[Top] [All Lists]

Re: [ontolog-forum] Average Daily Word Exposure

To: "[ontolog-forum]" <ontolog-forum@xxxxxxxxxxxxxxxx>
From: Ali Hashemi <ali@xxxxxxxxx>
Date: Wed, 18 Aug 2010 10:22:07 -0400
Message-id: <AANLkTikYU9GaNr=VhHc3ng6RtonkHB-euGwHh9UMywi3@xxxxxxxxxxxxxx>

Thank you kindly for that pointer. I should keep in mind in the future that there will likely exist some listserve almost dedicated to any question I might have :P.

In case anyone is interested,

Here is a collation responses. I should note that the experiment I was bandying about is actually being carried out under the moniker "Human Speechome Project" - albeit geared towards babies:

While there doesn't seem to be one conclusive or even complete study on this question, piecing together various studies think yields a decent enough estimate.

See the blog posts below for a fairly thorough (and sourced!) analysis. A rough back of the envelope calculation seems to indicate that taking into consideration conversation, television and reading, an average North American adult is exposed to approximately 2 million word tokens per month.
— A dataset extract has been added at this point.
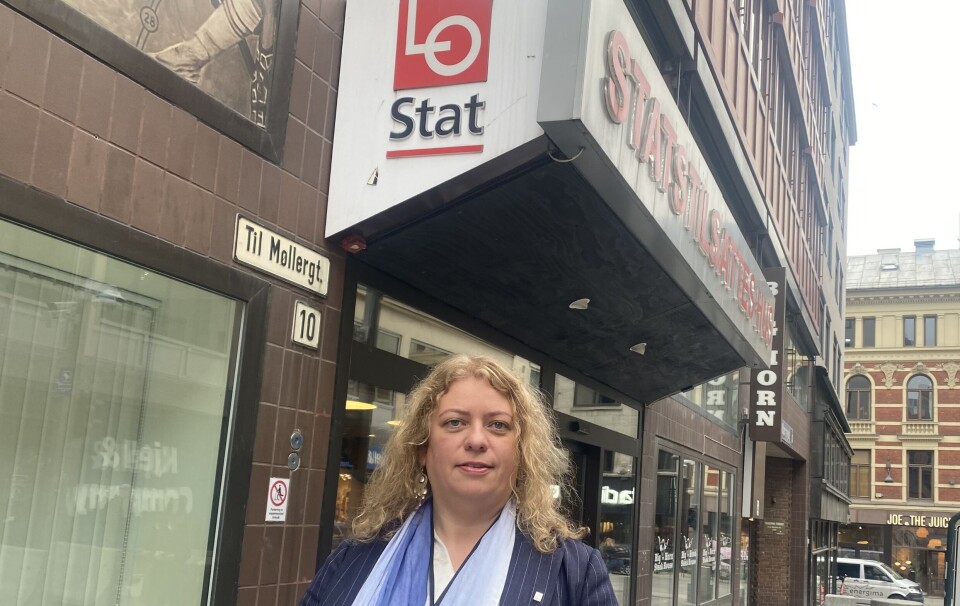 Elisabeth Steen,. leder i LO Stat og forhandlingsleder i meklingen. Kvinne foran inngangsparti med teksten LO Stat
This doesn't take into consideration writing or 'ambient' words etc. But basically, it seems to indicate that we hit the 100 million word token count every ~3-5 years.


Brett Reynolds:

All I can offer you is my own back-of-the-envelope calculation here:




a comment on his post, also led to this very interesting blog as well (with relevant information):


On Tue, Aug 17, 2010 at 12:49 PM, Marco Baroni <marco.baroni@xxxxxxxx> wrote:
Hi there.

I asked a similar question a few years ago, without much success. I paste the summary below.

If you find out more, please keep me posted!



Dear all,

Two weeks ago I asked if somebody knew of work reporting estimates of how
many words/sentences/etc. (adult) speakers of a language hear/write.
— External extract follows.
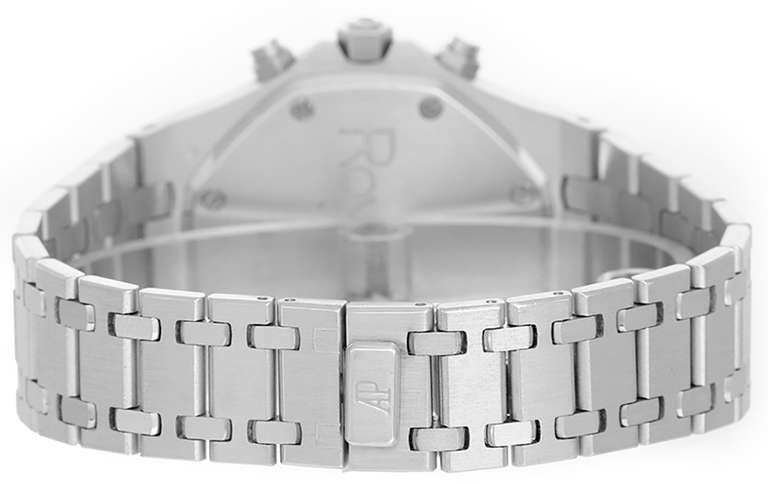 Automatic movement. 18k white gold case, 39mm. White waffle dial, date between 4 and 5 o'clock, hour, minute recorders, subsidiary seconds. Slight imperfection on the edge at 11 o'clock and a slight discoloration at 6 o'clock. 18k white gold Royal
I paste below the responses I got.

Thanks a lot to all who responded!



Reinhard Rapp

Dear Marco,

I am also interested in the answer to your question. Some discussion
can be found in a Psychological Review paper by Landauer & Dumais
(1997) which is on the web at


This is a citation from the most relevant part, which is footnote 6:

----------- start citation ------------

> From his log-normal model of word frequency distribution and the
observations in Carroll et al.

(1971), Carroll estimated a total vocabulary of 609,000 words in the
universe of text to which students through highschool might be exposed.
Dahl (1979), whose distribution function agrees with a different but
smaller sample of Howes (1966), found 17,871 word types in 1,058,888 tokens
of spoken American English, compared to 50,406 in the comparable sized
adult sample of Kucera & Francis (1967). By Carroll's (1971) model, Dahl's
data imply a total of roughly 150,000 word types in spoken English, thus
approximately one-fourth the total, less to the extent that there are
spoken words that do not appear in print. Moreover, the ratio of spoken to
printed words to which a particular individual is exposed must be even more
lopsided because local, ethnic and family usage undoubtedly restrict the
variety of vocabulary more than published works intended for the general
school-aged readership.
If we assume that our seventh-grader has met a total of 50 million word
tokens of spoken English (140 minutes a day at 100 words per minute for 10
years) then the expected number of occasions on which the she would have
heard a spoken word of mean frequency would be about 370. Carroll's
estimate for the total vocabulary of seventh grade texts is 280,000, and we
estimate below that the typical student would have read about 3.8 million
words of print. Thus, the mean number of times she would have seen a
printed word to which she might be exposed is only about 14. The rest of
the frequency distributions for heard and seen words, while not
proportional, would, at every point, show that spoken words have already
had much greater opportunity to be learned than printed words, so will
profit much less from an additional occurrence.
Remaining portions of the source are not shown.